::: Exercise data

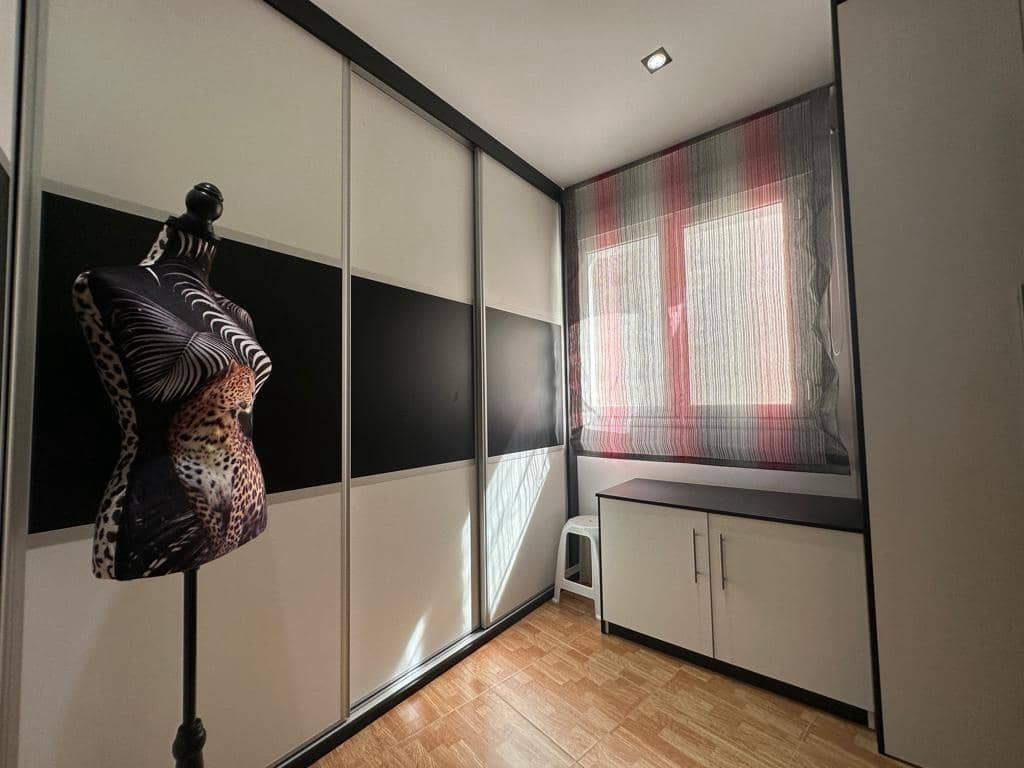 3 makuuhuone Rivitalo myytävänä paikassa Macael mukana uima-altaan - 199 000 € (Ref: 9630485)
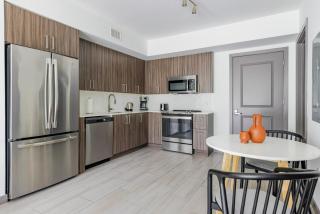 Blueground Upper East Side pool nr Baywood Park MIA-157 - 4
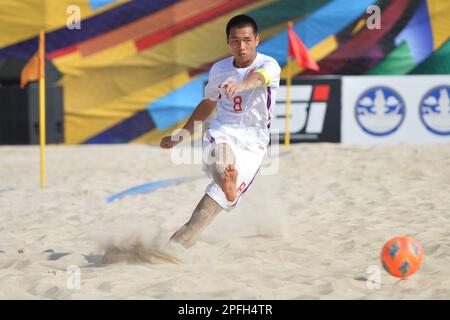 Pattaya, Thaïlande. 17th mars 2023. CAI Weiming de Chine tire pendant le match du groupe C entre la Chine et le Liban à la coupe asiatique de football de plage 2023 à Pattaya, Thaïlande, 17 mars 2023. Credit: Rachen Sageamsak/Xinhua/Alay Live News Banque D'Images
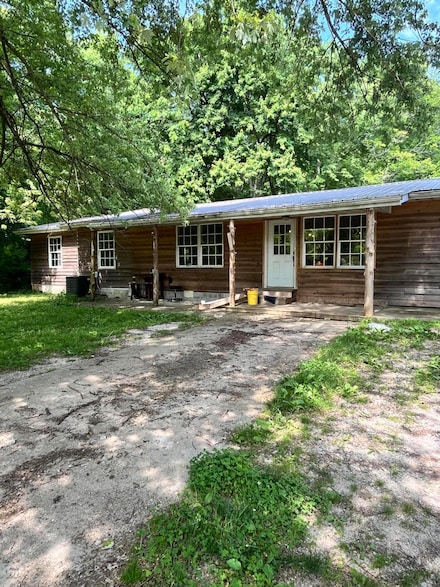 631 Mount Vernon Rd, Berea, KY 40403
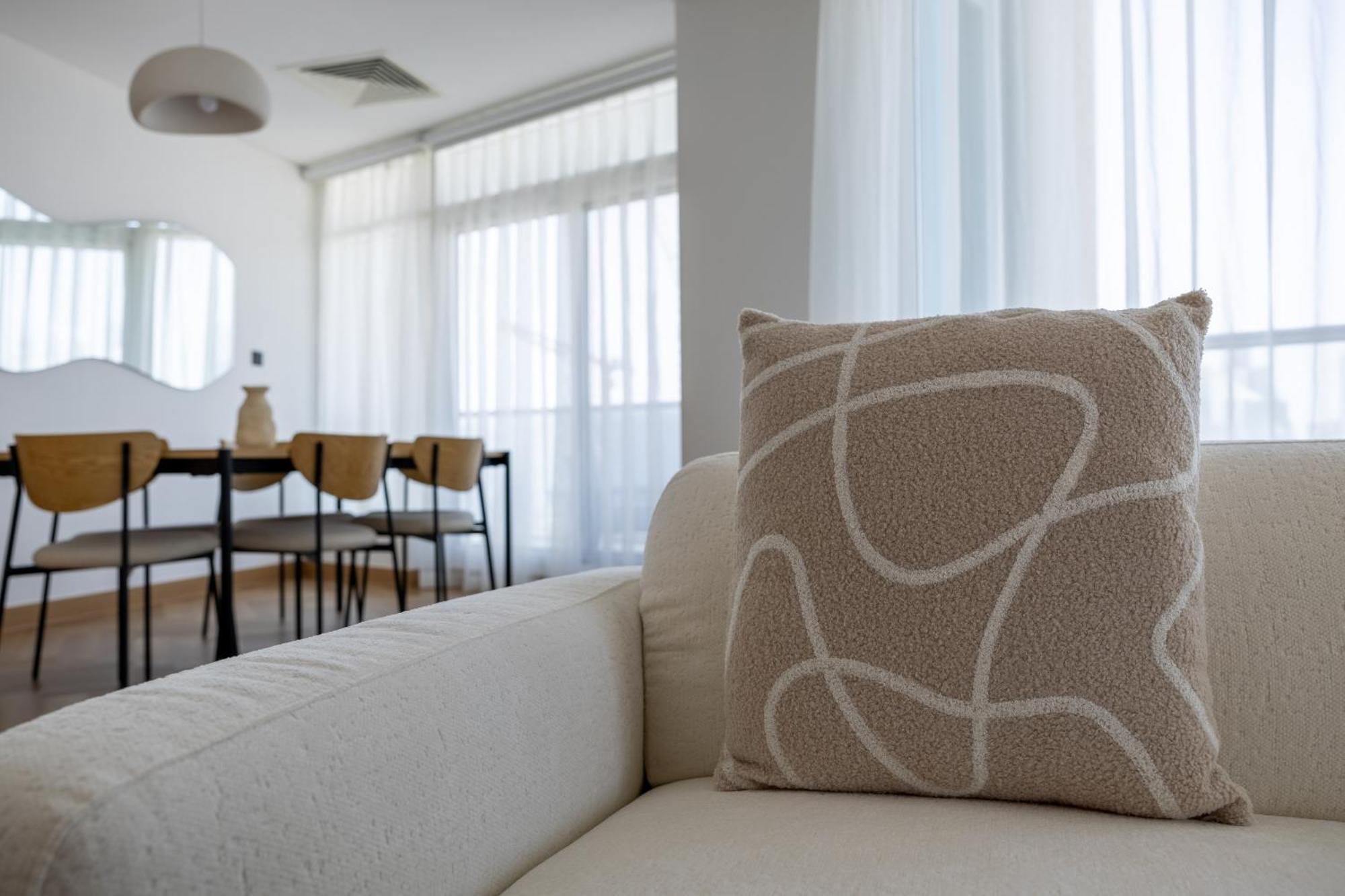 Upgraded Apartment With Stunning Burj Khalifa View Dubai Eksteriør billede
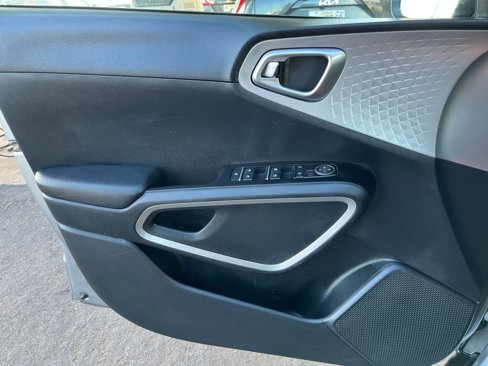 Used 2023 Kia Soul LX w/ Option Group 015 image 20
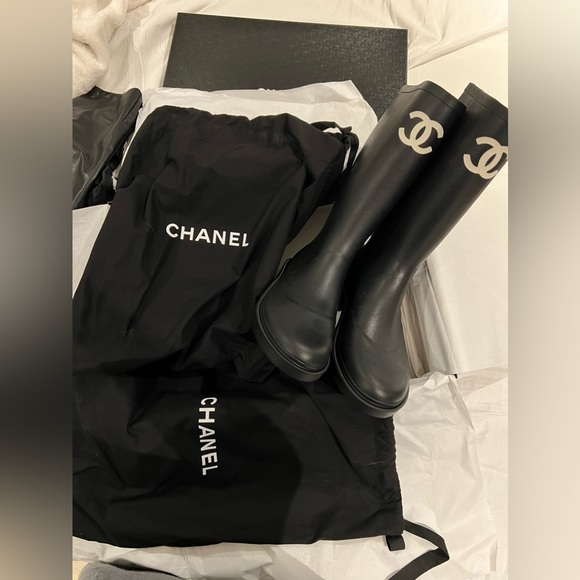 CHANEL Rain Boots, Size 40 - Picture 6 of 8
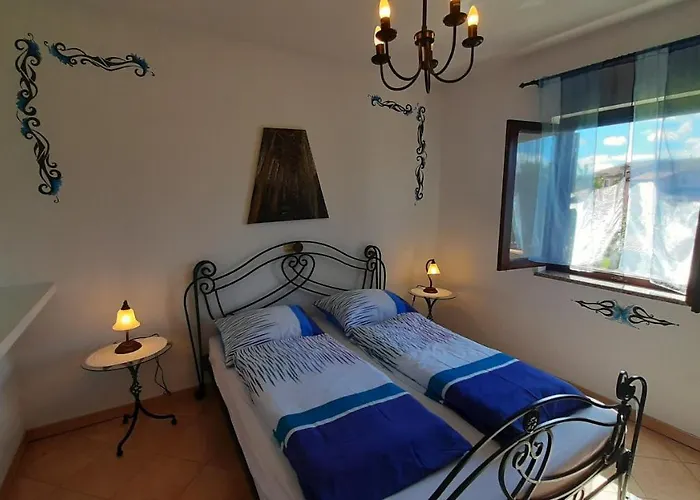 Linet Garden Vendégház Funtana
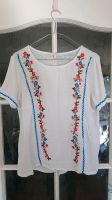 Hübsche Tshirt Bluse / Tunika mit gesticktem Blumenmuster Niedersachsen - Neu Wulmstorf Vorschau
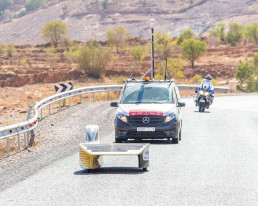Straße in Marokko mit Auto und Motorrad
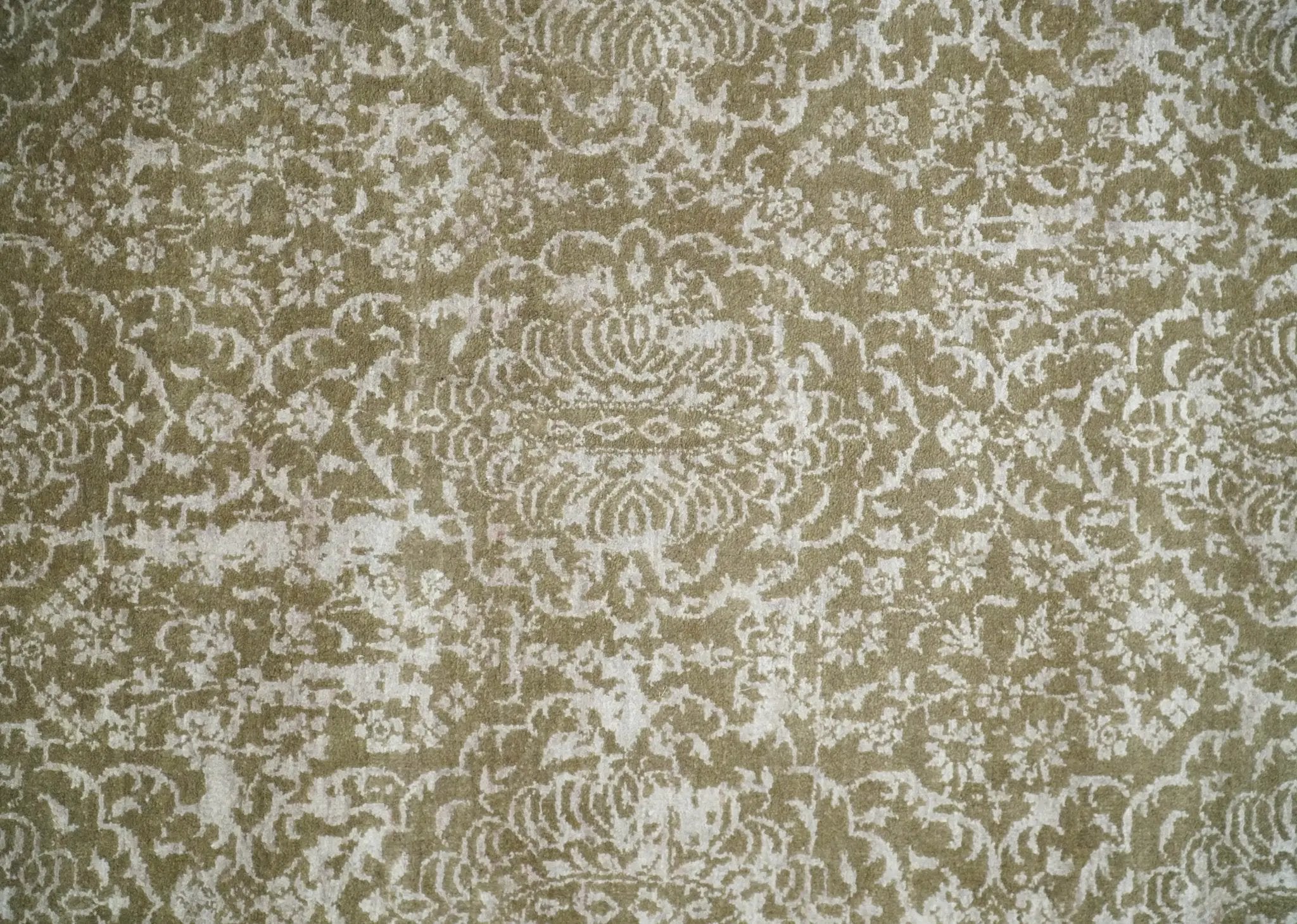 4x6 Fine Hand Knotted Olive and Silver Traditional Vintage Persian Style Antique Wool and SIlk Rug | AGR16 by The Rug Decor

::::::

(Your instructions):
Although pictures appear among the entries, please set down only the lines from the one with "631 Mount Vernon Rd, Berea, KY 40403" up to and including the one with "Straße in Marokko mit Auto und Motorrad", word for word.

(Reply):
 631 Mount Vernon Rd, Berea, KY 40403
 Upgraded Apartment With Stunning Burj Khalifa View Dubai Eksteriør billede
 Used 2023 Kia Soul LX w/ Option Group 015 image 20
 CHANEL Rain Boots, Size 40 - Picture 6 of 8
 Linet Garden Vendégház Funtana
 Hübsche Tshirt Bluse / Tunika mit gesticktem Blumenmuster Niedersachsen - Neu Wulmstorf Vorschau
Straße in Marokko mit Auto und Motorrad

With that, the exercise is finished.